Our pastor issued a challenge for the church to go on a 21 day fast. His suggestion is to exchange food, media, or something important, for seeking God.
I ran to my calendar to find out when his 21 day fast challenge would end and low and behold, it ends the same day my 40 day clarity hunt ends. I don't think that's much of a co-incidence.
My Clarity Hunt
As I'm on my clarity hunt, not a lot of newness is coming to me. Especially with a headache I'm intentionally not thinking too hard.
I am a sensitive person--always have been and every once in awhile I lose that control.Today I was emotional as I raised some issues with a friend over the phone. I turned into a blubbering fool mostly because my headache was really running me down, but also I have had so many challenges in the last 2 months that stress has come to a head with this headache.
I always think people will think I'm crazy when I'm vulnerable and blubber like a fool. I've decided, though, I don't care how they feel about me. I am who I am.
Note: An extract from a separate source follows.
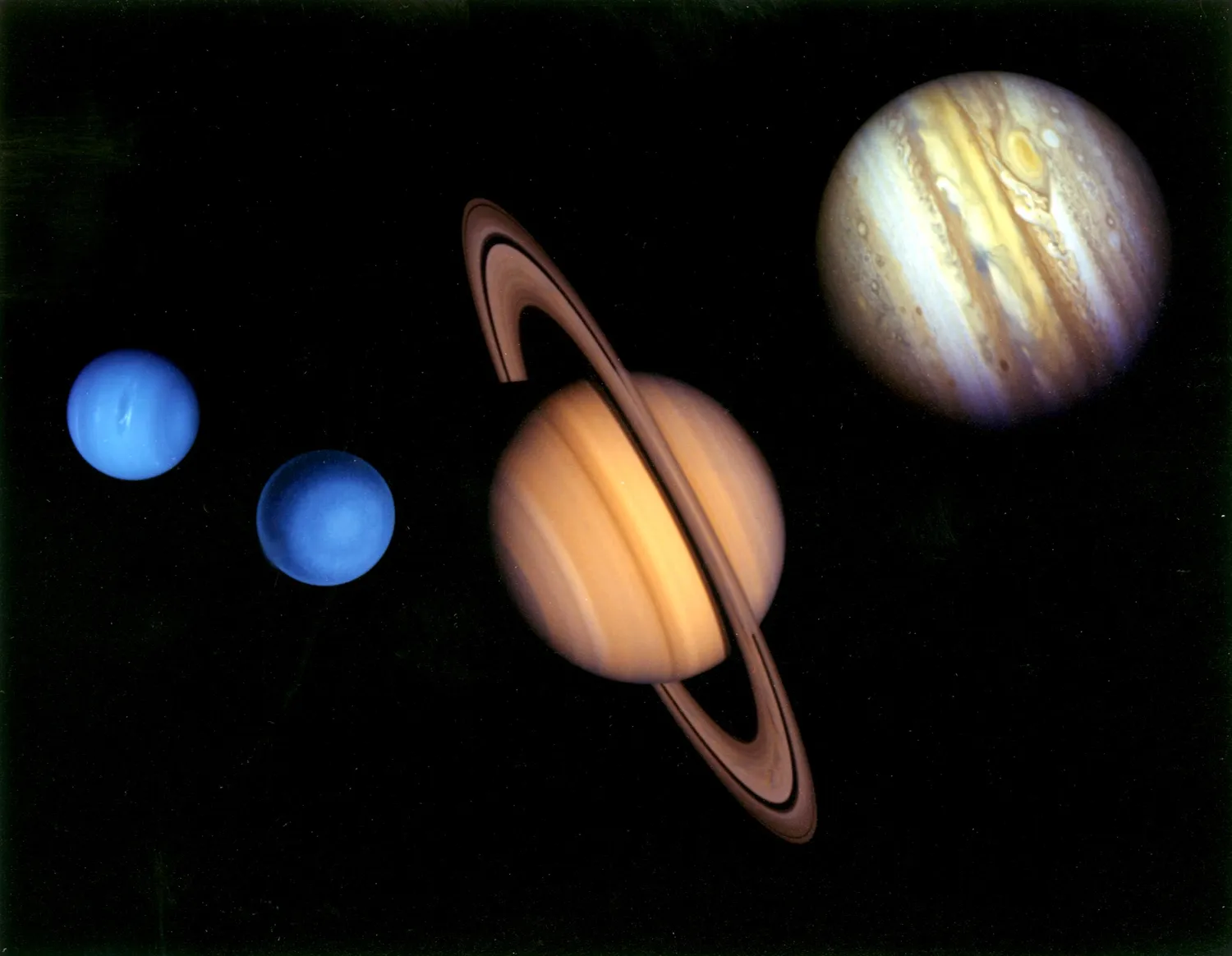 Gas giants in the solar system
So I took it easy most of the day fasting computer time. My reasons were as much to rest my aching brain and sore shoulder muscles as they were to follow the pastor's advice. This evening I opened my Clarity Hunt book to make notes as I read sections from the two books I'm using. I shouldn't be surprised, but the theme of BOTH books was the importance of being vulnerable. It also talked about our human need to be understood. Vulnerability by way of showing our failures, doubts, expressing our disappointments is the fuel that creates greater trust in relationships. Both books said being vulnerable is risky.
When I blubber like a fool, I want to be understood. I don't feel that always happens. So understood or misunderstood I leave it to unravel.
So for today, perhaps the most important lesson I received wasn't just about the importance of vulnerability, but to be affirmed by God for my blubbering episode that bordered on regret. It's not quite what I had in mind for this clarity hunt, but this is how he speaks.